== PROVIDED INFORMATION
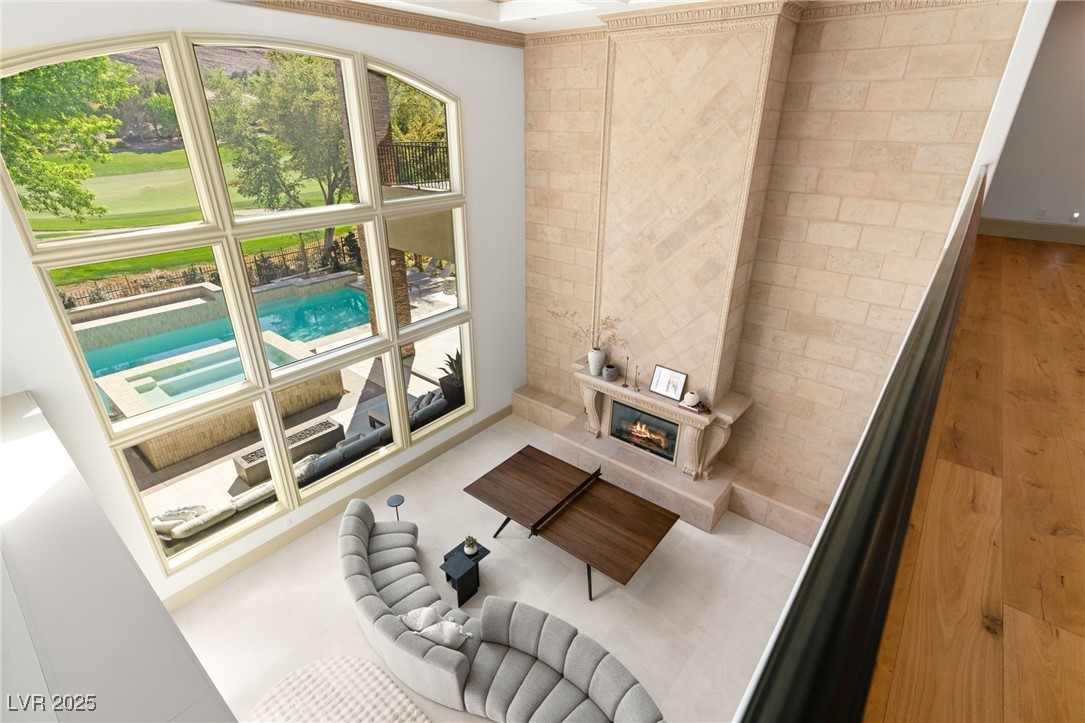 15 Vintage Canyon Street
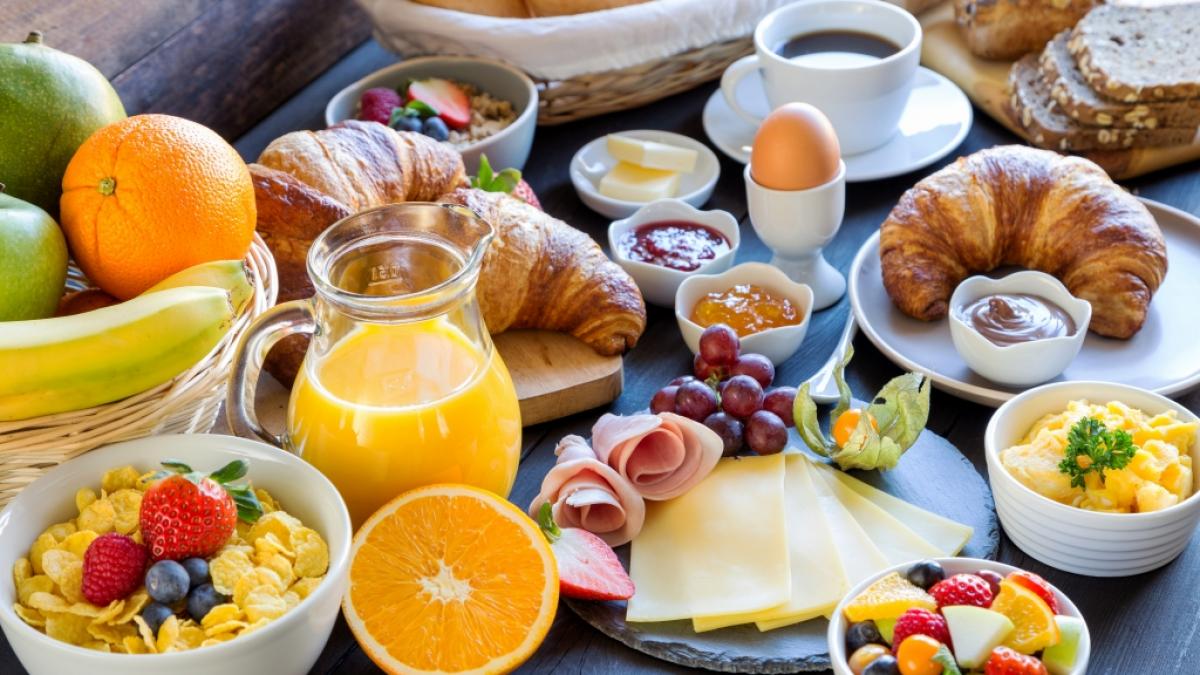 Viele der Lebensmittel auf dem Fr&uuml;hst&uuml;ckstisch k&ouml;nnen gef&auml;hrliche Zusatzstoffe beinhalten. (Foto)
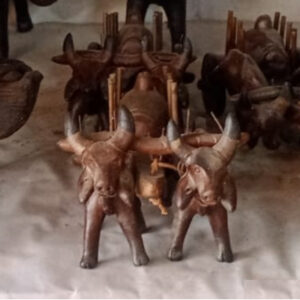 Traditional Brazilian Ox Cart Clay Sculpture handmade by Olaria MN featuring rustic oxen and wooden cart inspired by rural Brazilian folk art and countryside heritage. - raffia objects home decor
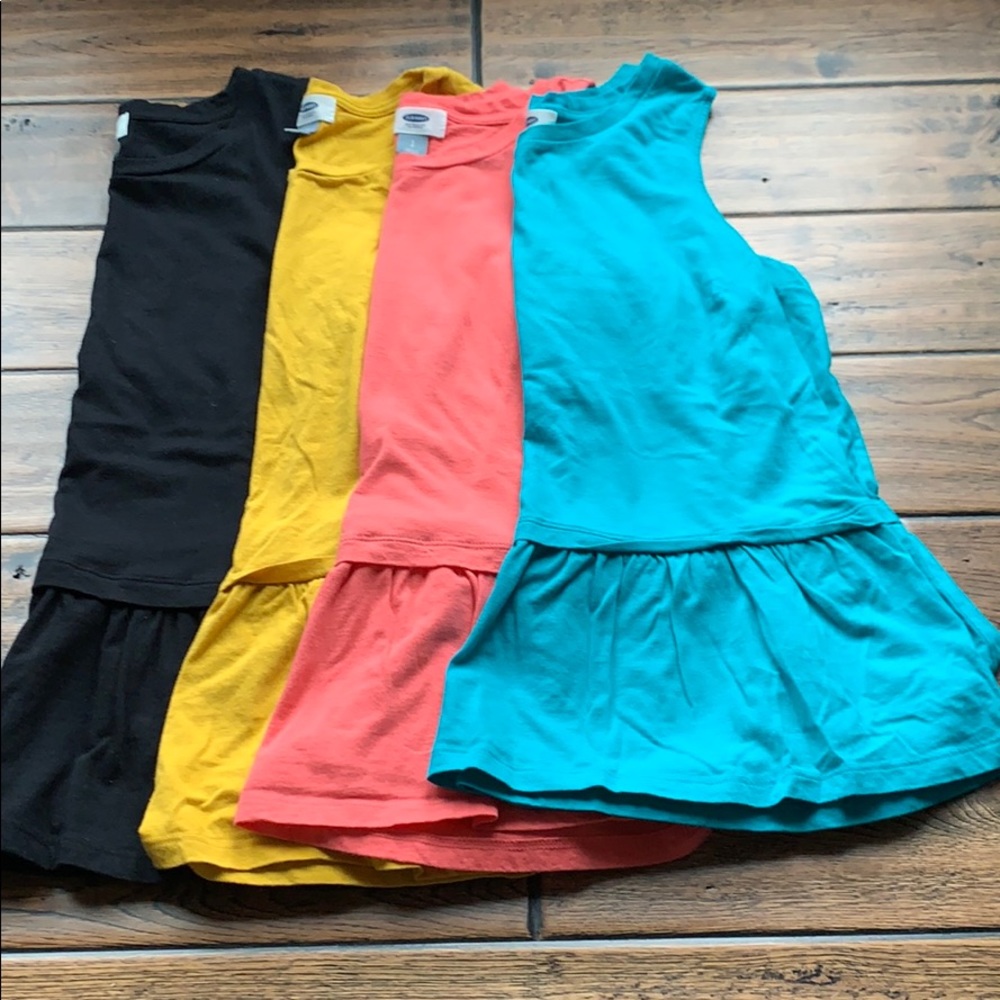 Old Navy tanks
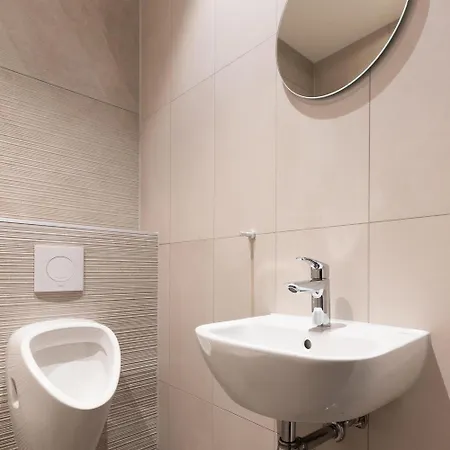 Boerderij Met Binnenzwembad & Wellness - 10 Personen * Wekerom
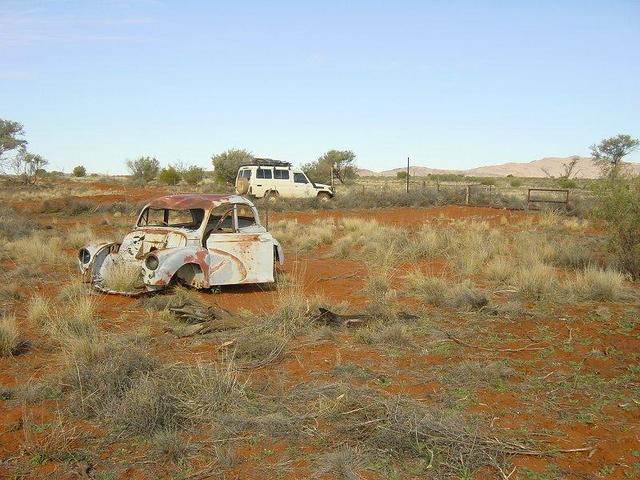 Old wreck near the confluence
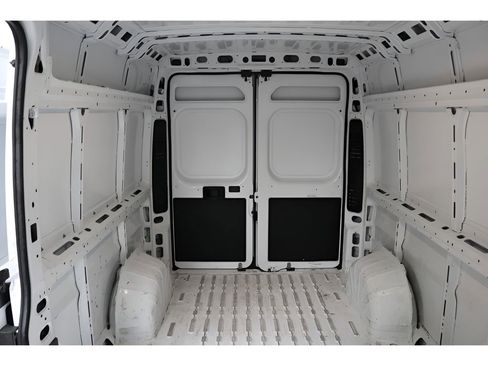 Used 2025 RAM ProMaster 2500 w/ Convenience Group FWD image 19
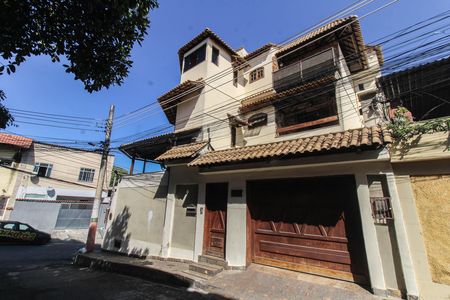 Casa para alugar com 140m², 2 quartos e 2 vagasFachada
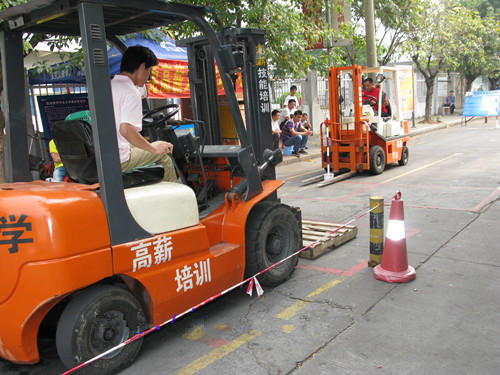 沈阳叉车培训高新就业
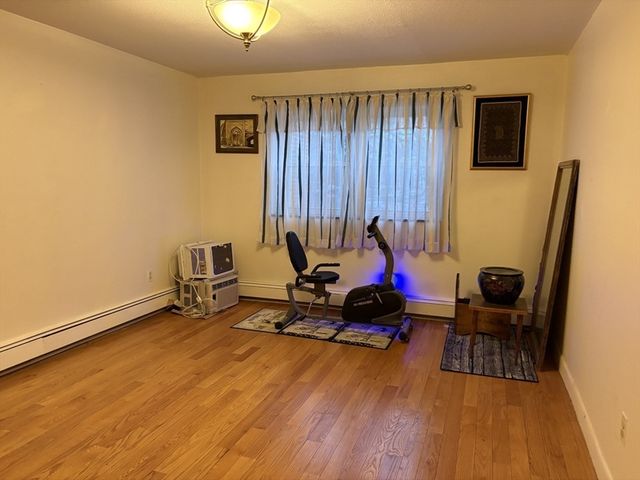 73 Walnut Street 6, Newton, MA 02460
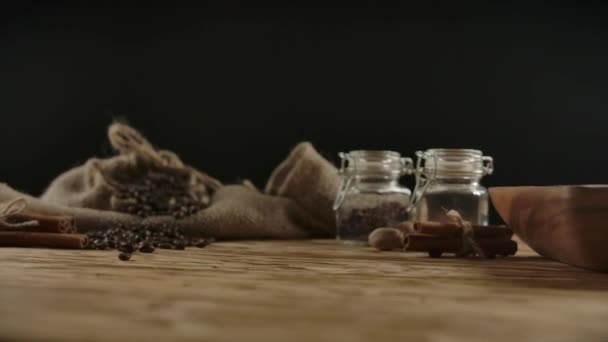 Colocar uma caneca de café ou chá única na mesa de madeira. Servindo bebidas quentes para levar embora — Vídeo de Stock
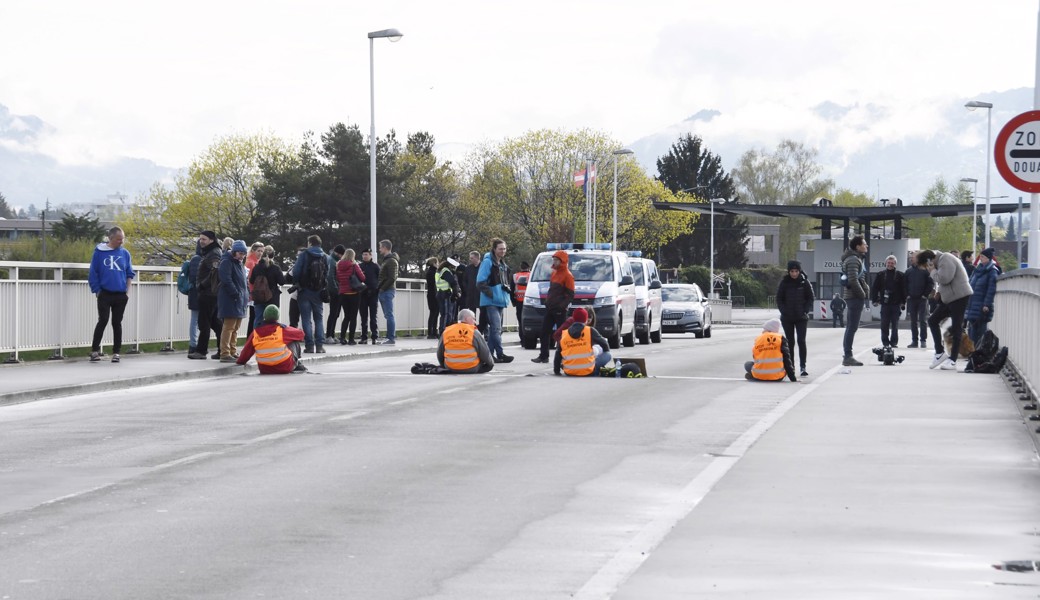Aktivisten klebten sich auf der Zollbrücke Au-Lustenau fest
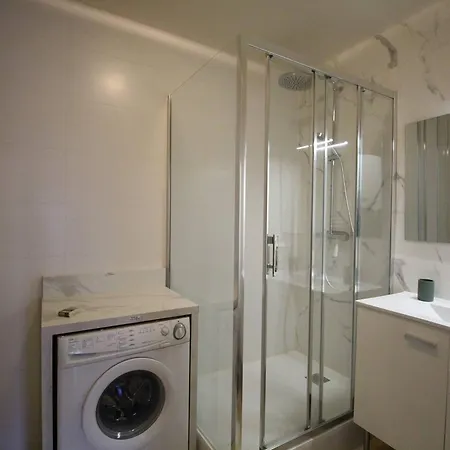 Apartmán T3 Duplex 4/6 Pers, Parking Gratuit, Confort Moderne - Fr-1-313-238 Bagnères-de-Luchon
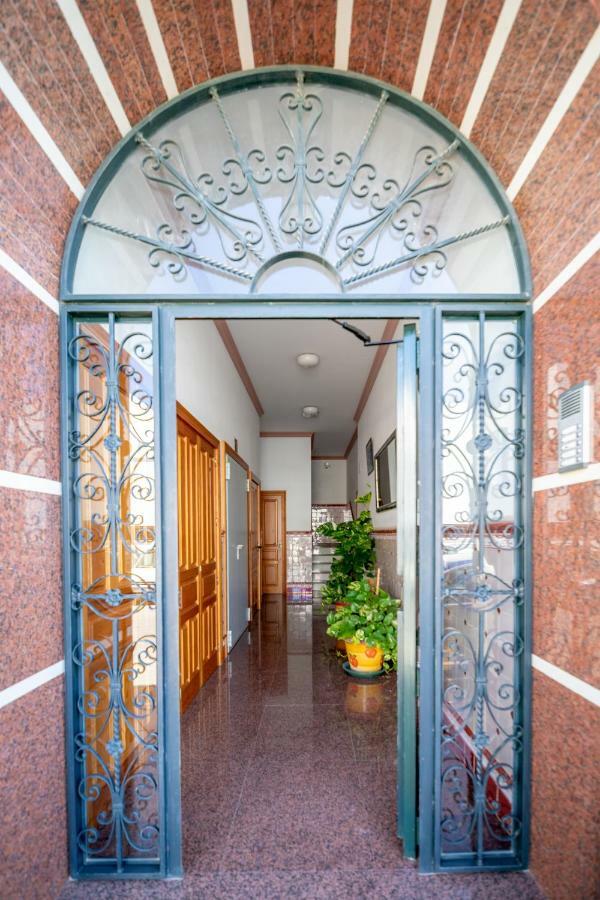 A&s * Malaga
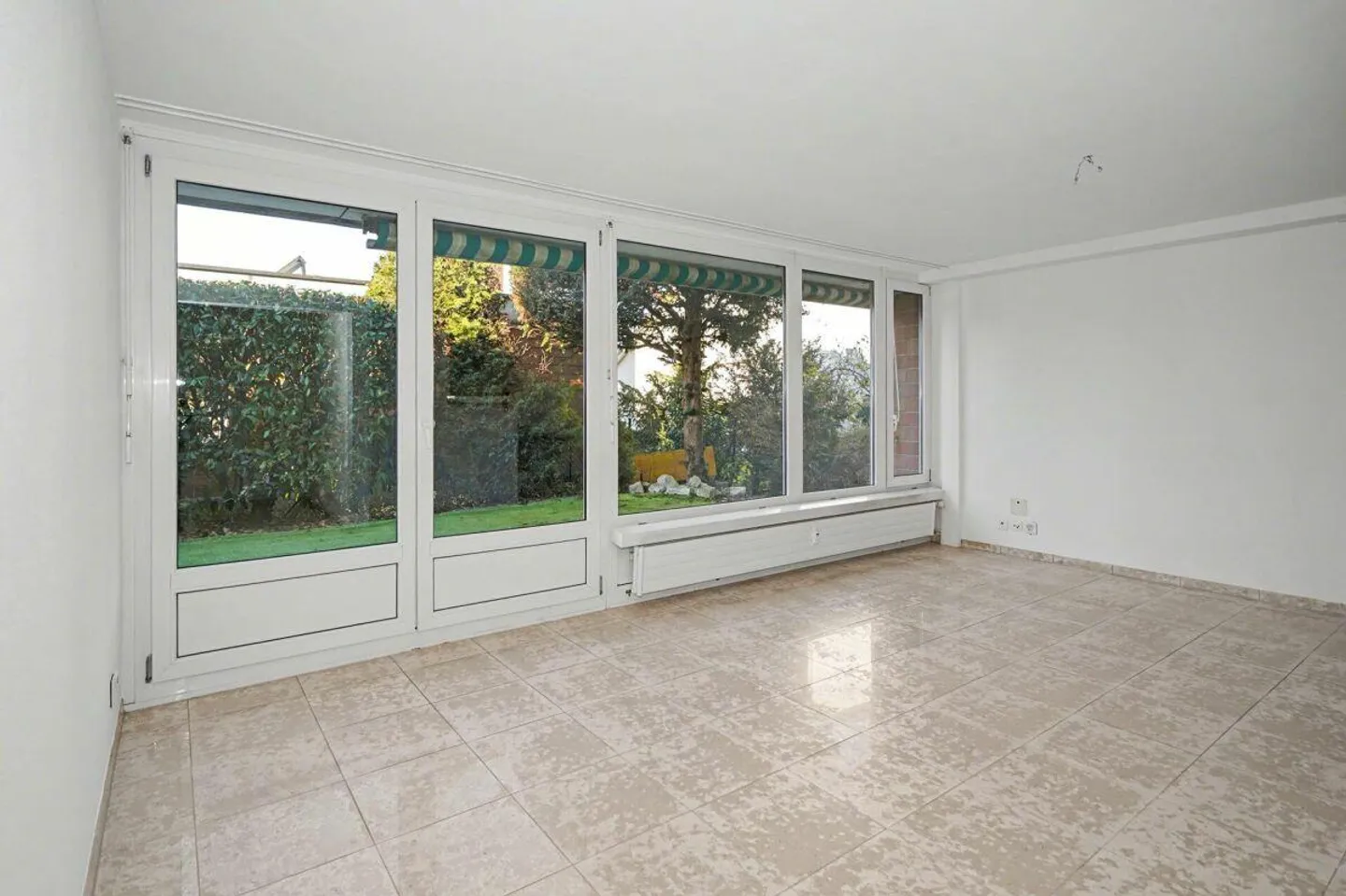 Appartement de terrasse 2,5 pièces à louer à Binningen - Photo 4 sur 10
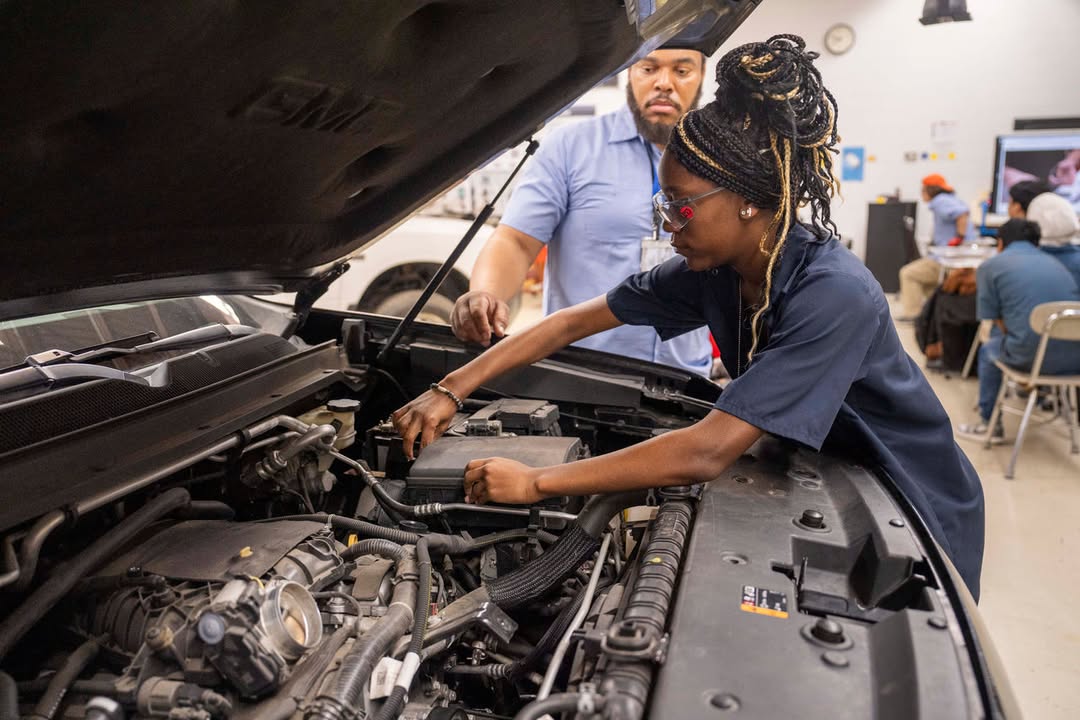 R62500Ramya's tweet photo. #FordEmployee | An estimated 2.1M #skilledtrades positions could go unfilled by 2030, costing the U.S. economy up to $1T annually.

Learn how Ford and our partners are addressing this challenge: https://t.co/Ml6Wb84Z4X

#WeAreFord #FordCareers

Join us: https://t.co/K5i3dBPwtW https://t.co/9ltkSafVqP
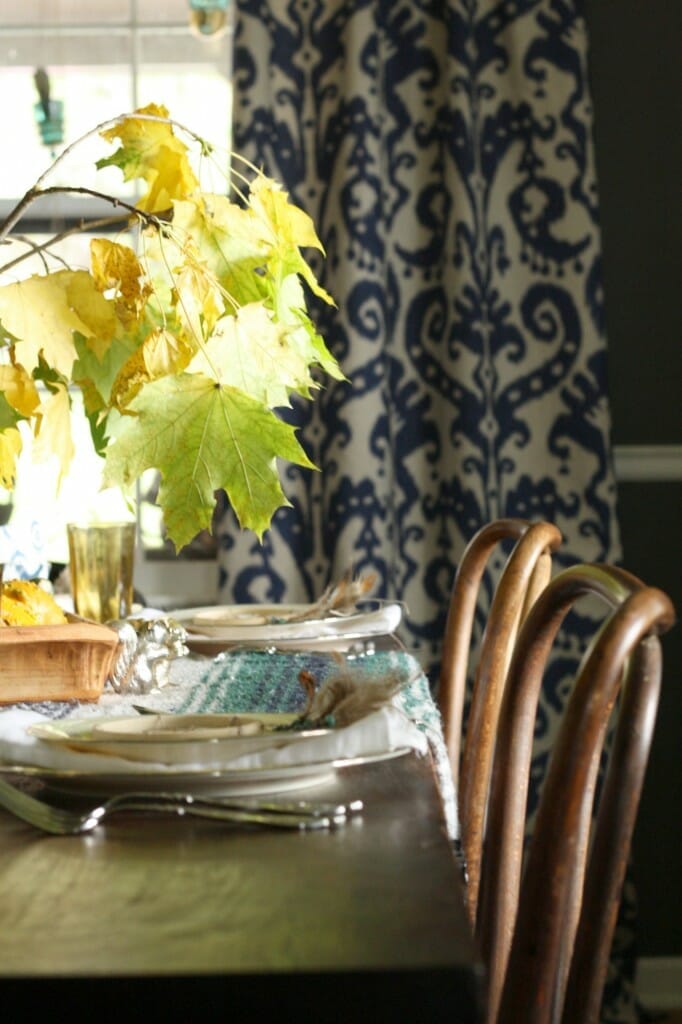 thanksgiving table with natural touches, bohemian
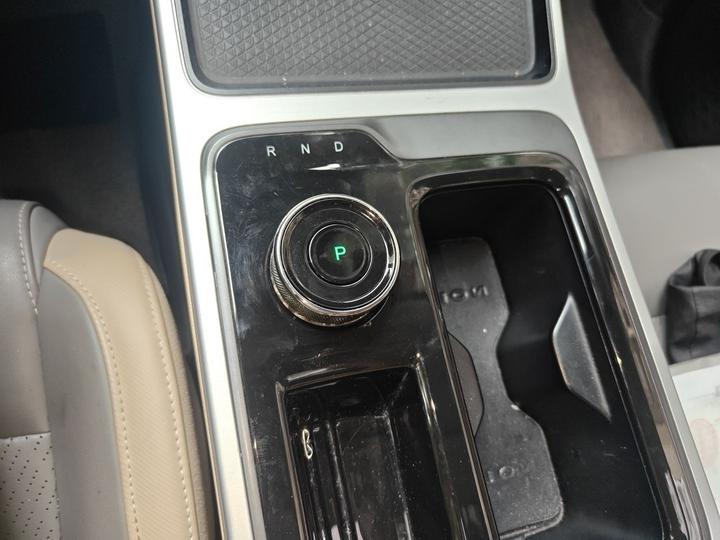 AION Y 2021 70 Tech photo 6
====
Please return every line in the data that includes the string "https".

SOLUTION:
Learn how Ford and our partners are addressing this challenge: https://t.co/Ml6Wb84Z4X
Join us: https://t.co/K5i3dBPwtW https://t.co/9ltkSafVqP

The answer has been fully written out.